Marcel Winatschek

The Machines Nobody Cleans

There’s a particular pleasure in noticing what everyone else ignores. Not the landmark, not the poster-sized ad—the battered gumball machine bolted to a wall in Kreuzberg, its coin slot jammed, its capsules long since expired. Max Schwarck spent two years noticing those.

Between 2015 and 2016, he walked through Kreuzberg, Neukölln, Friedrichshain, Wedding, Prenzlauer Berg, and Mitte, photographing every one of these machines he could find, always in the exact state he discovered it—no staging, no wiping down the glass, no repositioning. Whatever the thing looked like at the moment he arrived was the portrait. After two years of shooting, collecting, editing, and selecting, he had seventy images.

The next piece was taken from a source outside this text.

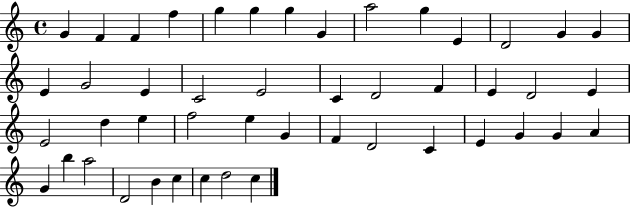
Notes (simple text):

G4/q F4/q F4/q F5/q G5/q G5/q G5/q G4/q A5/h G5/q E4/q D4/h G4/q G4/q E4/q G4/h E4/q C4/h E4/h C4/q D4/h F4/q E4/q D4/h E4/q E4/h D5/q E5/q F5/h E5/q G4/q F4/q D4/h C4/q E4/q G4/q G4/q A4/q G4/q B5/q A5/h D4/h B4/q C5/q C5/q D5/h C5/q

Freed from their urban context and placed against solid-color backgrounds, the machines read as something between folk art and industrial archaeology—carriers of stickers, scratches, spray paint, and coin-slot grease accumulated across decades of being present but invisible. Max condensed the whole series into a single large poster: a Wimmelbild, a densely packed image you can genuinely get lost in, of cultural messages the street quietly left behind.

If you walk those same side streets with any real attention now, you’ll start recognizing individual machines from the poster. That’s the thing about invisible objects—once someone makes you see one, you can’t stop. I’ve shot a lot of Berlin street textures over the years and this kind of obsessive documentation hits differently than most art photography. It’s less about the image and more about the discipline: the commitment to a subject nobody thought was worth having a subject at all. Two years. Seventy machines. One Wimmelbild.